Beyond them [Phokos and Iaseus] is Maira sitting on a rock. About her the poem Returns [one of the Epic Cycle] says that she was still a maid when she departed this life, being the daughter of Proitos, son of Thersandros, who was a son of Sisyphos. Next to Maira is Aktaion, son of Aristaios, together with the mother of Aktaion; they hold in their hands a young deer, and are sitting on a deerskin. A hunting dog lies stretched out beside them...

In Pausanias’ version of the myth of Maira there is obviously much difference from the story generally told by the later sources as given above. That Maira was, like Aktaion, a famous victim of Artemis, is however implicit in Polygnotos’ depiction of her.

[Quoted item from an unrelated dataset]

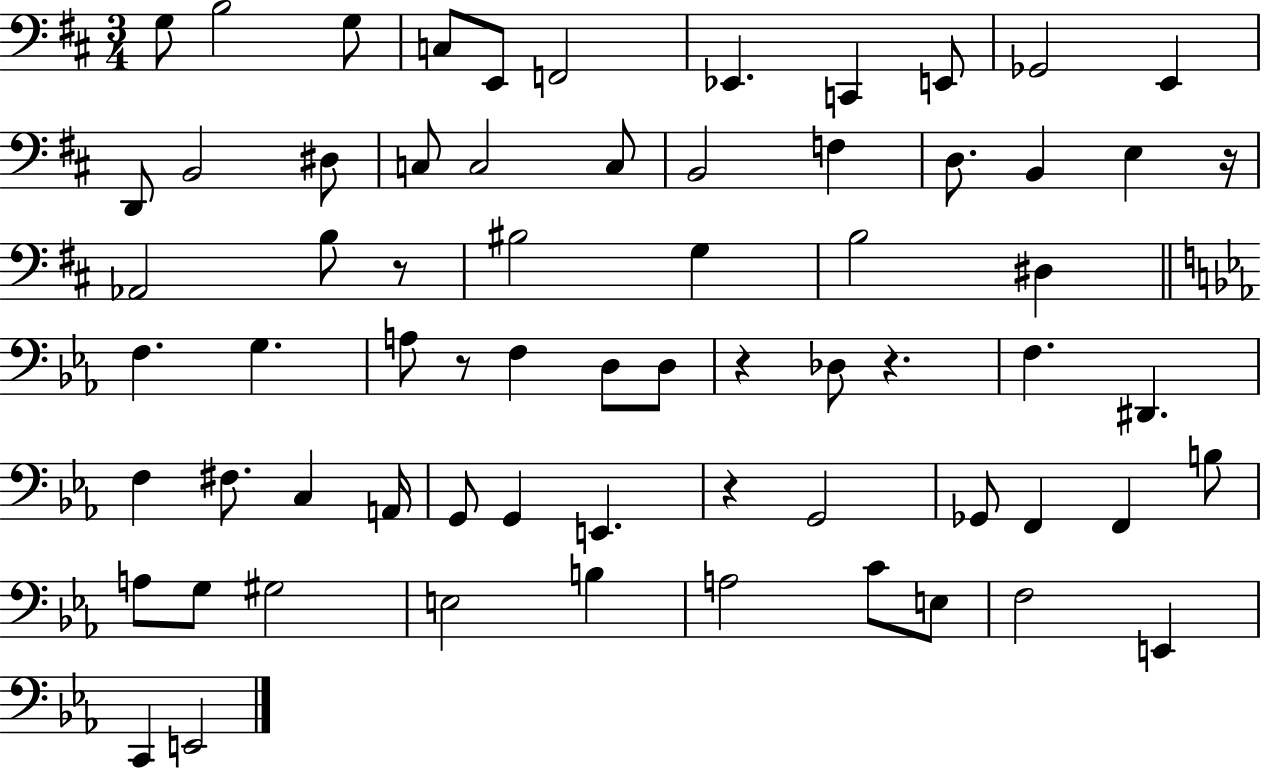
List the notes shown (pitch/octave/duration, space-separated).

G3/e B3/h G3/e C3/e E2/e F2/h Eb2/q. C2/q E2/e Gb2/h E2/q D2/e B2/h D#3/e C3/e C3/h C3/e B2/h F3/q D3/e. B2/q E3/q R/s Ab2/h B3/e R/e BIS3/h G3/q B3/h D#3/q F3/q. G3/q. A3/e R/e F3/q D3/e D3/e R/q Db3/e R/q. F3/q. D#2/q. F3/q F#3/e. C3/q A2/s G2/e G2/q E2/q. R/q G2/h Gb2/e F2/q F2/q B3/e A3/e G3/e G#3/h E3/h B3/q A3/h C4/e E3/e F3/h E2/q C2/q E2/h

Whether the line in Ovid’s Metamorphoses (VII 362) pertains to the Maira of the Odyssey is unknowable,

et quos Maera novo latratu terruit agros

and where Maira spread terror over the fields by her strange barking.

But having turned the male hunter Aktaion into a game animal in order to kill him for an infraction of the goddess’s anti-sexual ordinances, it would be quite in character for Artemis to have turned the female Maira into a hound in order to cause her death for a similar fault.